During Phase II of the trial, the court denied a motion by Mt. McKinley renewing its proffer.

On appeal, Mt. McKinley contends that the trial court committed reversible error by precluding Kratzke's testimony. As previously discussed, Mt. McKinley maintains that our Supreme Court has not adopted any particular trigger theory as the law of Connecticut. It further argues that, for there to be any insurance coverage for an underlying claim, Vanderbilt bears the burden of establishing, as a matter of fact, that a particular policy was triggered by bodily injury during the policy period. More generally, Mt. McKinley argues that it would be improper for us to adopt a particular trigger theory as a matter of law, divorced from contemporary scientific knowledge of the etiology and progression of asbestos related diseases.
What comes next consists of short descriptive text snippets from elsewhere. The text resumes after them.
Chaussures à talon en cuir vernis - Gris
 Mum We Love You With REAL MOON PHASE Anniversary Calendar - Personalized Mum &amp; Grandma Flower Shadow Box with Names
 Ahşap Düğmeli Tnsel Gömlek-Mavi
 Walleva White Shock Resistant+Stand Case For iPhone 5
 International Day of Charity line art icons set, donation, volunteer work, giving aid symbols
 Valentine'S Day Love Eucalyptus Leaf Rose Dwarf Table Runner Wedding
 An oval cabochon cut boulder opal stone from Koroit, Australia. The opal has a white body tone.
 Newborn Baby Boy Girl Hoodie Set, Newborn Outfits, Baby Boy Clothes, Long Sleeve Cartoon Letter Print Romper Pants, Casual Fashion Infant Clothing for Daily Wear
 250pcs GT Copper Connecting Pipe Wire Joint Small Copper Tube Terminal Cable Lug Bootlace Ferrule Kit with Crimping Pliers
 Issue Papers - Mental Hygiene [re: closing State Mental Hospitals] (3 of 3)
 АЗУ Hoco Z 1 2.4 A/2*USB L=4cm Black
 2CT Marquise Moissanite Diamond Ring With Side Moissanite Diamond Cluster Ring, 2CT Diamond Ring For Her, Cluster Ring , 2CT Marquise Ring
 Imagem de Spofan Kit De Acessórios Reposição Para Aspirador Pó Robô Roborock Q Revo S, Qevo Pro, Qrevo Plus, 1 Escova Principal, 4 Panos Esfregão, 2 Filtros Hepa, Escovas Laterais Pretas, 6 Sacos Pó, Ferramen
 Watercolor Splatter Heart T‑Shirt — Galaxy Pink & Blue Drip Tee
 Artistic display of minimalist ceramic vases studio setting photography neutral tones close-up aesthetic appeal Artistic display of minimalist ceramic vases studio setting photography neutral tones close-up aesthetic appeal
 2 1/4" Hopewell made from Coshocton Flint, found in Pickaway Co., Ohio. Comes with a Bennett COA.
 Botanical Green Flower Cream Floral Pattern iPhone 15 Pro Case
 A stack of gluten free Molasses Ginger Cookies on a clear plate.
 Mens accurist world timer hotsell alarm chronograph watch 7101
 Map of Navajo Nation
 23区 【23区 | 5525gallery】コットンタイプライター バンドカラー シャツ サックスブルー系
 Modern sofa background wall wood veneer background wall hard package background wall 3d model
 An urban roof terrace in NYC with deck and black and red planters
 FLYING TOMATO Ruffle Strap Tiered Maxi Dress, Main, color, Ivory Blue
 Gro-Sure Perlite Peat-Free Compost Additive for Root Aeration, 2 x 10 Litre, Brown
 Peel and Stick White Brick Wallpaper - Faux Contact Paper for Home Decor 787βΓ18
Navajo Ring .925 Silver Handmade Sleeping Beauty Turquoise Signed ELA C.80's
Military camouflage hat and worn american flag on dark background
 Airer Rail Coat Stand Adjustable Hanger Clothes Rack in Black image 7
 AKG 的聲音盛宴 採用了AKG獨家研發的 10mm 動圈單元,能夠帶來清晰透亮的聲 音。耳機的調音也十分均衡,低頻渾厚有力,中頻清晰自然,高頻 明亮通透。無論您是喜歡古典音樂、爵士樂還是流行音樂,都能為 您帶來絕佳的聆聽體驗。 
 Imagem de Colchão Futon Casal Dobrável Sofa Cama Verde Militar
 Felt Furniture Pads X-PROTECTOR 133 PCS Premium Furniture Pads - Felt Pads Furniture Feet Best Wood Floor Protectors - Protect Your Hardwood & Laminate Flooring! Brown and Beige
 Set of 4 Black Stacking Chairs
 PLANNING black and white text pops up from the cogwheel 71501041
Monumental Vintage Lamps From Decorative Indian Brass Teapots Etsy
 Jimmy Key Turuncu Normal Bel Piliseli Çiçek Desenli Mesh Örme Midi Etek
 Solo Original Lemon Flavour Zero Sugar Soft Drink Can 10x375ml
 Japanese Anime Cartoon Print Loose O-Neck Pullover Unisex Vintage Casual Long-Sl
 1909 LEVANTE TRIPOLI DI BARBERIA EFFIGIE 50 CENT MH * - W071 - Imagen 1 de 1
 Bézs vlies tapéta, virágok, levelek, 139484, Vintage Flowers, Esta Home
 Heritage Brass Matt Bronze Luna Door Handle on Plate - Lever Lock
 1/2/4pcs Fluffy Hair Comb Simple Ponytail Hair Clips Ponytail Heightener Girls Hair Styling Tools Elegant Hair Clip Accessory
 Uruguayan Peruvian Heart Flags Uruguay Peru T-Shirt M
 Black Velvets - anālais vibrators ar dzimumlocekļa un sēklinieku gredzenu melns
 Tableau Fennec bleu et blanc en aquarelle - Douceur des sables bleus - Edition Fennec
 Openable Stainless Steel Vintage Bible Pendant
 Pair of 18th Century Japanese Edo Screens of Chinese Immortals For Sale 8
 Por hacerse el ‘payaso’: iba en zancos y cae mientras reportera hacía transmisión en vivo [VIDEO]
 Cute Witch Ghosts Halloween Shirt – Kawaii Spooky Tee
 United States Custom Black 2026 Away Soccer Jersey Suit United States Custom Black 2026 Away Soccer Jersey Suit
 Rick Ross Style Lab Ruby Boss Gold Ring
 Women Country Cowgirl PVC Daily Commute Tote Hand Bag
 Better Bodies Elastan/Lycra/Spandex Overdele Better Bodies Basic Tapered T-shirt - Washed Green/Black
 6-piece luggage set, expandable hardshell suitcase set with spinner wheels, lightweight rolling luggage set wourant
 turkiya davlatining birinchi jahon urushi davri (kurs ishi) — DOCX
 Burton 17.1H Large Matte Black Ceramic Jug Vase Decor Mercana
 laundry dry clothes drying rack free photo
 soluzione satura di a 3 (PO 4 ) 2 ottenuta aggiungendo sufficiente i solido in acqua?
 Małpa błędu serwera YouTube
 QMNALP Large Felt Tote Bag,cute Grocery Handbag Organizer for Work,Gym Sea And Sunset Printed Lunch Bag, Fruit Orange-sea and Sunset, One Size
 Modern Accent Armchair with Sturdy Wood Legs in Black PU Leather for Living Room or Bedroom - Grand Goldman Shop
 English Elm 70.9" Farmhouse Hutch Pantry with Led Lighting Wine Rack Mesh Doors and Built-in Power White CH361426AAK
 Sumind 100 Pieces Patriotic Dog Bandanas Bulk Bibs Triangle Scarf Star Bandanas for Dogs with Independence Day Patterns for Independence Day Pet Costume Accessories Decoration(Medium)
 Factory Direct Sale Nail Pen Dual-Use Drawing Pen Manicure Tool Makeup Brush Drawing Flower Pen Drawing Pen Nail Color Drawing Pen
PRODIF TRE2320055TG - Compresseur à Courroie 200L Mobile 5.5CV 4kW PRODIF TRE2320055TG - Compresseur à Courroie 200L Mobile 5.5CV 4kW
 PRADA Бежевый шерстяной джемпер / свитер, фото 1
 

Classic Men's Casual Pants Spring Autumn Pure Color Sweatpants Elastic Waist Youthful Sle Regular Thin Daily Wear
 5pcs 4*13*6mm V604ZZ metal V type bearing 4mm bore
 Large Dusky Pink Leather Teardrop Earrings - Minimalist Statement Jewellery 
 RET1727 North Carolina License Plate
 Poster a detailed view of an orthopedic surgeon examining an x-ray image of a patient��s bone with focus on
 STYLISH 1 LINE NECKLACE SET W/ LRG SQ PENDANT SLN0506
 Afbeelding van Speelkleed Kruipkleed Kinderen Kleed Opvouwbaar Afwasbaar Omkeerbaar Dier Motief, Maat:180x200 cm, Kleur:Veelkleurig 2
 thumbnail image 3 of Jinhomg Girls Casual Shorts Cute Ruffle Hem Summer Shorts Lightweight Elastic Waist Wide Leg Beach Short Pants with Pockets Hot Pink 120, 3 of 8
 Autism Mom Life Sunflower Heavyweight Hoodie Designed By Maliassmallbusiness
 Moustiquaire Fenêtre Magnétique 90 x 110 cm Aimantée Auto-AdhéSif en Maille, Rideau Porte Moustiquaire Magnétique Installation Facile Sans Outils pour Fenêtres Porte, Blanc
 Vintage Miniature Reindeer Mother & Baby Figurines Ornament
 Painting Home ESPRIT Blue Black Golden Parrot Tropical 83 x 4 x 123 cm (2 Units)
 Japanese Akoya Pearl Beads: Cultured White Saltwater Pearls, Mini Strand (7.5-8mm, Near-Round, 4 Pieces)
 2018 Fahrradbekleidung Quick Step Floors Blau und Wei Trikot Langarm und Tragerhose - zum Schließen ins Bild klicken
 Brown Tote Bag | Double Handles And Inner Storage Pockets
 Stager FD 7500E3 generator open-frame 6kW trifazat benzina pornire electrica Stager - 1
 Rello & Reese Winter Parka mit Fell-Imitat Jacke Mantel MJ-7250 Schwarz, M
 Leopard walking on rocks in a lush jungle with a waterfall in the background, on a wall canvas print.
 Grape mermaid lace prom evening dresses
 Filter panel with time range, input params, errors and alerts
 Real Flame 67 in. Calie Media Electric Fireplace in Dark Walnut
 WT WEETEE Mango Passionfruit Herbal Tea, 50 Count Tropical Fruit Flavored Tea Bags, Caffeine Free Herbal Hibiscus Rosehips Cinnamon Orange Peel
For example, if Kratzke is correct that initial exposure to asbestos fibers does no damage to the human body, and that mesothelioma does not develop until two to five years before the disease manifests, then, in Mt. McKinley's view, it would be improper for us to adopt a theory, such as initial exposure or continuous trigger, that imposes liability on insurers who provided coverage (1) at the time of initial exposure and (2) more than five years prior to the manifestation of disease. A corollary of this argument is that, in adopting a trigger of coverage theory to resolve asbestos related insurance claims, it would be improper for us to rely on decisions that other courts reached decades ago, on the basis of medical and scientific models that may since have been debunked.

Mt. McKinley's arguments are not without merit and, as we have explained; see part III A 1 of this opinion; we agree that the trial court was mistaken in concluding that it was compelled by Security to apply a continuous trigger theory. Nevertheless, we are not persuaded that the question of which trigger theory applies to the underlying claims is a factual question about which Kratzke's testimony would have proved enlightening. Two questions are intertwined in Mt. McKinley's argument. First, is it appropriate for an appellate court to adopt a trigger of coverage theory as a matter of law, rather than allowing the question of when injury occurs to be resolved as a matter of fact, on a case-by-case basis, in light of the best available scientific evidence? Second, if we answer the first question in the affirmative, does current scientific knowledge regarding the etiology and progression of asbestos related diseases place any restrictions on which theory or theories we may adopt? We address each question in turn.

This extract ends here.